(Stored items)
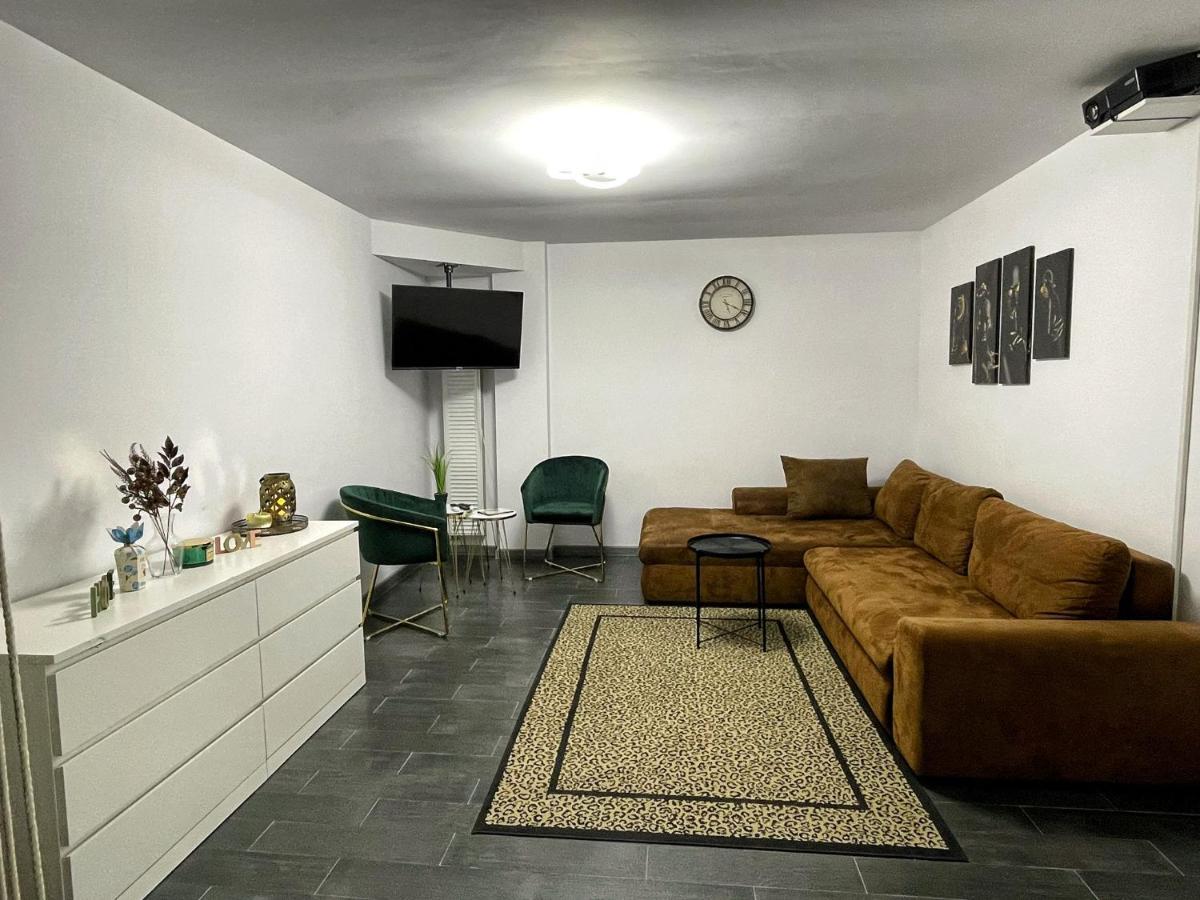 3 Rooms Cinema Garden Parking House Bükreş Dış mekan fotoğraf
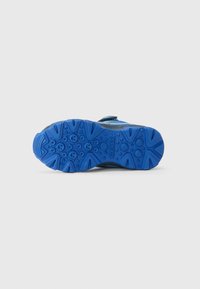 Semelle de sneaker en caoutchouc bleu avec des motifs de grip texturés et des trous de drainage ; inclut des accents noirs et bleu clair le long des côtés.
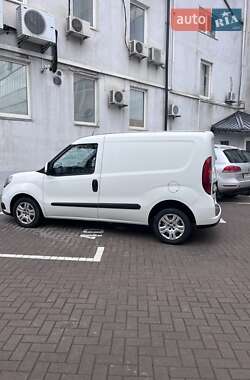 Грузовой фургон Fiat Doblo 2015 в 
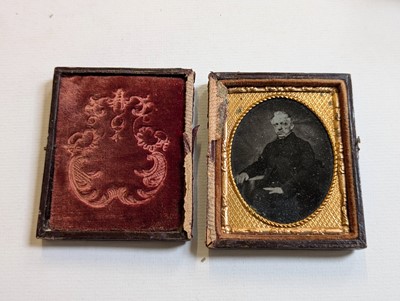 Lot 10 - Cased Images. An unusual quarter-plate ambrotype showing five ambrotype portraits...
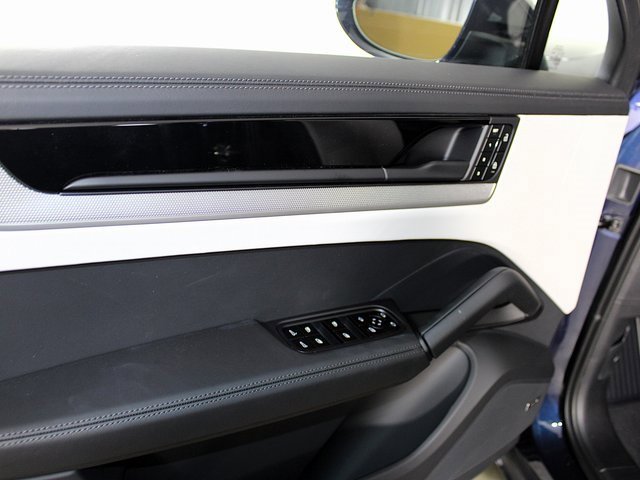 New 2025 Porsche Cayenne Coupe image 18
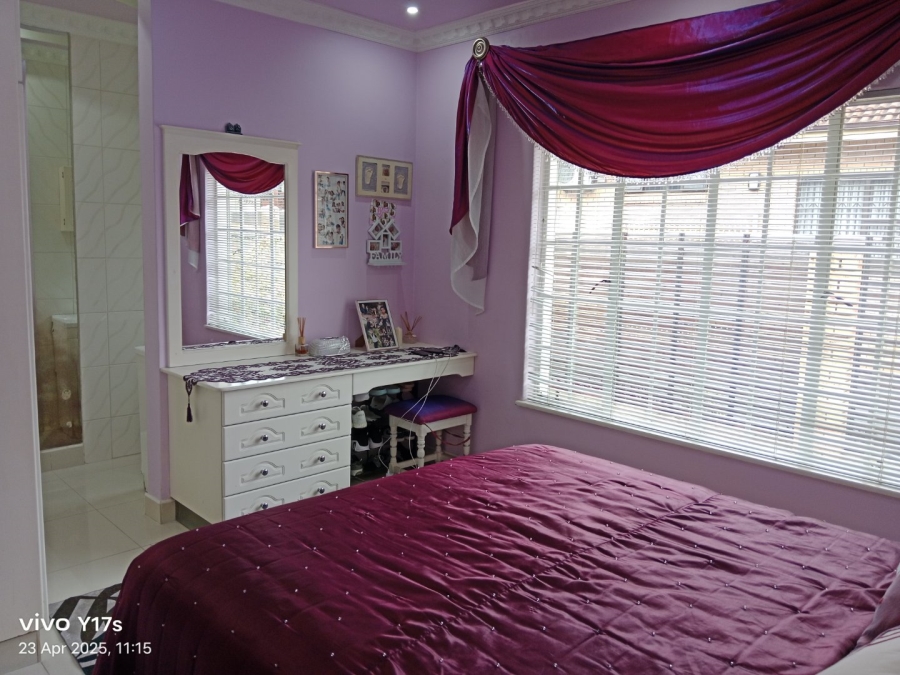 5 Bedroom Property for Sale in Allandale KwaZulu-Natal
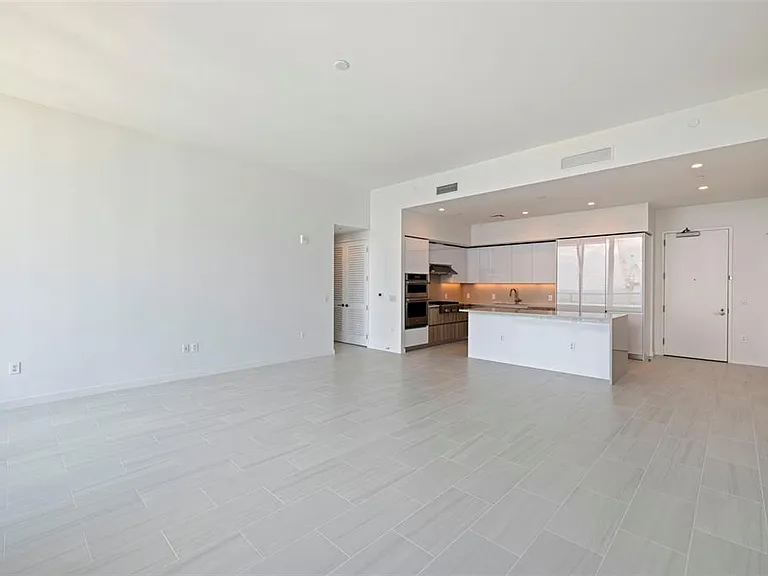 400 Central Ave #3906 — Photo 16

**Exercise brief**:
Copy out the data above exactly, except the pictures.

**Response below**:
 3 Rooms Cinema Garden Parking House Bükreş Dış mekan fotoğraf
 Semelle de sneaker en caoutchouc bleu avec des motifs de grip texturés et des trous de drainage ; inclut des accents noirs et bleu clair le long des côtés.
 Грузовой фургон Fiat Doblo 2015 в 
 Lot 10 - Cased Images. An unusual quarter-plate ambrotype showing five ambrotype portraits...
 New 2025 Porsche Cayenne Coupe image 18
 5 Bedroom Property for Sale in Allandale KwaZulu-Natal
 400 Central Ave #3906 — Photo 16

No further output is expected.